Using Supervised Techniques
When we have a dataset that is relatively trivial to label, for example, a dataset for training a model to segment different make and models of cars, it is really easy to generate segmentations for the cars using a model that segments out cars as many open source datasets have cars in it we can quite easily find the state of the art open source model which is trained on that dataset and use it to generate segmentations for our dataset. Now, the human annotators can go in and quickly assign makes and models to each segmented car and fix some of the segmentation maps if the model misses some part of the car like rearview mirrors and antennae.
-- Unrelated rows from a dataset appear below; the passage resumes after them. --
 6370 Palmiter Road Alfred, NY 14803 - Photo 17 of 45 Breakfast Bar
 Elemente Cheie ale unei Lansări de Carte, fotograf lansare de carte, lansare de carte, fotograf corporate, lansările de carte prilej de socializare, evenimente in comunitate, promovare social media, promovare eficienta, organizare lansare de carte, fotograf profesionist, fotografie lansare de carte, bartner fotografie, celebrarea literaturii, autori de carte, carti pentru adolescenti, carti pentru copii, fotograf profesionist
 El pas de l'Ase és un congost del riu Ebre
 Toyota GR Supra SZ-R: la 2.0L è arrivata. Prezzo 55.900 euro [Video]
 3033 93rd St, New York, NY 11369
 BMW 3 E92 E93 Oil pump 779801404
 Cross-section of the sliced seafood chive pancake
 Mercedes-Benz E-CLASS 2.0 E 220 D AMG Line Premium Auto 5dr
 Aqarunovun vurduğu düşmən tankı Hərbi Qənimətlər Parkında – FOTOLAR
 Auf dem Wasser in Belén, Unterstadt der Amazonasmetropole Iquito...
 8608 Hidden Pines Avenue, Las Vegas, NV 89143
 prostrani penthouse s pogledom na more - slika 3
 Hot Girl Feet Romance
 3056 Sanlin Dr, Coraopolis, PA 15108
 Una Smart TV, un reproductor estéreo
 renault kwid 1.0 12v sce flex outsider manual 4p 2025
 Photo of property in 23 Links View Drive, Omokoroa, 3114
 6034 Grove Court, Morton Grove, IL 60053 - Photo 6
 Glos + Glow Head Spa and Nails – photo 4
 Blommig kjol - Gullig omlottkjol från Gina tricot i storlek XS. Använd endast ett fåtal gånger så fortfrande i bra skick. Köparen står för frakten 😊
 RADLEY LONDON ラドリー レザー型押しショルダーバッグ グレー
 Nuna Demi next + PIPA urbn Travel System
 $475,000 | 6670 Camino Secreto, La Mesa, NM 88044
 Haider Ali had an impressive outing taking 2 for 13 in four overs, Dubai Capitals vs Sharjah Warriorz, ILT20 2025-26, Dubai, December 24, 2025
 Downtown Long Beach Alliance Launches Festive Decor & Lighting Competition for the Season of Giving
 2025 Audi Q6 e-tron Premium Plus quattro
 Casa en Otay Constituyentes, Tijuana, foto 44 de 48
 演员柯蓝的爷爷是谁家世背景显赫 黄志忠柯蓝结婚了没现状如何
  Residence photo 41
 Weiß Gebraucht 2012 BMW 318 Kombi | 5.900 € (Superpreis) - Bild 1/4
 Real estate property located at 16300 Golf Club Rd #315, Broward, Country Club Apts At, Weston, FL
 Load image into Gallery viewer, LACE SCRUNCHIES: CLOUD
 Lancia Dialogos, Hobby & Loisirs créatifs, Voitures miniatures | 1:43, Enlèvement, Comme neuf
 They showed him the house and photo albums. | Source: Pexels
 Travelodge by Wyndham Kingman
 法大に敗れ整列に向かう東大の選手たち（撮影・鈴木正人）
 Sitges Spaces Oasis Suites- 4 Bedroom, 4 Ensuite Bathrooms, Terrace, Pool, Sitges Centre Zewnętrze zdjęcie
Using our own model from the last Iteration
Once we have trained our model on one iteration of our dataset and we need to add some new data to the training set, we can very easily generate pseudo labels by simply using our latest model to generate pseudo labels. This process becomes easier as our model improves with each iteration.
Retraining the model
Retraining the model is the next logical step in the pipeline, I would recommend iterating over different hyperparameters before settling down on a specific set of hyperparameters for training. In general, I would recommend using early stopping while training relatively small models to avoid overfitting. In the case of large models, I would recommend using Learning Rate Scheduling where we exponentially decay the learning rate after each epoch.
I’d like to bring your attention to the fact that Catastrophic Forgetting is very common and should not be overlooked. In our use case when training with a human in the loop, it’s very important to test the model properly and make sure that the model performs well on all the slices of datasets. Every new addition to our dataset should be considered as a separate slice and evaluation metrics must be calculated on each slice as usual to make sure that our model is not overfitting to a specific slice of data.
Re-evaluating the model
Once we have retrained our model we will once again evaluate the model so that we are sure about the performance of the model. We must save as much metadata as possible with the model weights so that we can very easily explain the model’s behaviour in any case. I would recommend spending some time building a Model Card for every iteration of the model. We can then deploy the model in production and start looking for more edge cases.
To conclude, we can say that Human in the Loop Machine Learning is a very important tool. It helps us build Machine Learning models interactively, which not only maintain their performance but also improve with time. It is a very startup friendly approach that can be used by bigger companies as well to train their models with limited resources. Human in the Loop Machine Learning is especially useful in cases where the data is scarce and hard to find.